The Internet of Things (IoT) is a fancy way of to talk about the of all the smart objects that permeate our world. But it’s no longer an abstract concept: it’s here to stay, and it’s growing. The IoT market is projected to be worth $8.9 trillion by 2020. The industrial internet of things (or, in other words, the interconnection of different industrial ecosystems like supply chains) is set to be worth some $890 billion.
And this is all on top of the staggering $6 trillion (with a T!) that’s going to be invested between 2015-2020 in IoT solutions.
But for all that money, it’s surprisingly difficult to learn more about the Internet of Things.

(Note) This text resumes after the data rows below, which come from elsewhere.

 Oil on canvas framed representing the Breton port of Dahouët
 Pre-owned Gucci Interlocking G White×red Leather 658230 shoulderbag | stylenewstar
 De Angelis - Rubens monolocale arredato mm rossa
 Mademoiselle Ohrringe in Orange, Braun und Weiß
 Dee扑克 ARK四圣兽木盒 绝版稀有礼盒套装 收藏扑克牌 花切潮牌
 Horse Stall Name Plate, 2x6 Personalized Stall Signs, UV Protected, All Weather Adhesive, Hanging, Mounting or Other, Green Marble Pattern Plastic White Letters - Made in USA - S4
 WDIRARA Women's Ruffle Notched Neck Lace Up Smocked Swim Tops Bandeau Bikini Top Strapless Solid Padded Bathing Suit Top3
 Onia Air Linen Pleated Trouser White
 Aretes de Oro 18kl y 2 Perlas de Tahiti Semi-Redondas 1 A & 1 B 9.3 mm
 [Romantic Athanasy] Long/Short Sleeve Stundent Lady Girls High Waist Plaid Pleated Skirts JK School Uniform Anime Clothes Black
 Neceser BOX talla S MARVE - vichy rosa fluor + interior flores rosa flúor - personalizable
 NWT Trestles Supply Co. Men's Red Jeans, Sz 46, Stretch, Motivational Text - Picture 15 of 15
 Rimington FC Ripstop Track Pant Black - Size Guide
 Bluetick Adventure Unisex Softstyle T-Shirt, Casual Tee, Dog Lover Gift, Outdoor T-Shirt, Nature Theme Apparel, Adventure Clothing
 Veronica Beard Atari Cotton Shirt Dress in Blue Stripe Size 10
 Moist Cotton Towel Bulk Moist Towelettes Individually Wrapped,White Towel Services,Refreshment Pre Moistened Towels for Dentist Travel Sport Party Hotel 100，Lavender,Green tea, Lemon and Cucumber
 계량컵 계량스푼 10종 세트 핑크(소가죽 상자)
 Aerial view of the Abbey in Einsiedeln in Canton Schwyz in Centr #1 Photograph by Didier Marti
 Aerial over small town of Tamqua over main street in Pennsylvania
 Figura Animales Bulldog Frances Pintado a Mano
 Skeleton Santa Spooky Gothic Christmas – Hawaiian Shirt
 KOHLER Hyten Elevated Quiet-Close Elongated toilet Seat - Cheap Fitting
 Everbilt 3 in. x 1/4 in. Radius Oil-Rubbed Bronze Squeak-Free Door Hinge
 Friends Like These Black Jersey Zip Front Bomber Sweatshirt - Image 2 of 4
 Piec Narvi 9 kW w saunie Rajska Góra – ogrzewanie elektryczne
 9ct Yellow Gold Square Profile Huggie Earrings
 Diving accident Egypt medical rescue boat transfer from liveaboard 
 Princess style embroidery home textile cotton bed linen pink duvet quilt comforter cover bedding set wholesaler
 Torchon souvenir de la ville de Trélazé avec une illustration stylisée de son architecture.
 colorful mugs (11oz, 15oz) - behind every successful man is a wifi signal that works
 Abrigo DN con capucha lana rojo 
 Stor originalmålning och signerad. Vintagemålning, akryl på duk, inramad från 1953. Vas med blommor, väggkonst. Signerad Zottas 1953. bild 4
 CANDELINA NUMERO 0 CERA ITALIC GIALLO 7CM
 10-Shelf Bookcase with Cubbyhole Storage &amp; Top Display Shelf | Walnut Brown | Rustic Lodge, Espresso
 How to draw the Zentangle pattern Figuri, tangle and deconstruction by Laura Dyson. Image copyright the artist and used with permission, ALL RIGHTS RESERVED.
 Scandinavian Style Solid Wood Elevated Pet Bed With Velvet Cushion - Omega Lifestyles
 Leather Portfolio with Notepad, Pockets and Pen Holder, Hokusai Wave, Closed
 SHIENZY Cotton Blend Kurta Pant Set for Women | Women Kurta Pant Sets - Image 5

So we put together the complete guide of IoT resources so you can understand what the internet of things is and how you can leverage dense technical networks to deliver positive business results.
Resource for IoT Producers
Stack Exchange is a Q&A website that started in the developer world with Stack Overflow. Since then, it’s been expanded to include Q&As about all sorts of other topics, including the internet of things.
For those looking to get into building their own personal internet of things environments, it’s an invaluable resource. Not only are all previously-asked questions stored, but it’s an active community that upvotes quality answers and is keen to engage with unaddressed ones.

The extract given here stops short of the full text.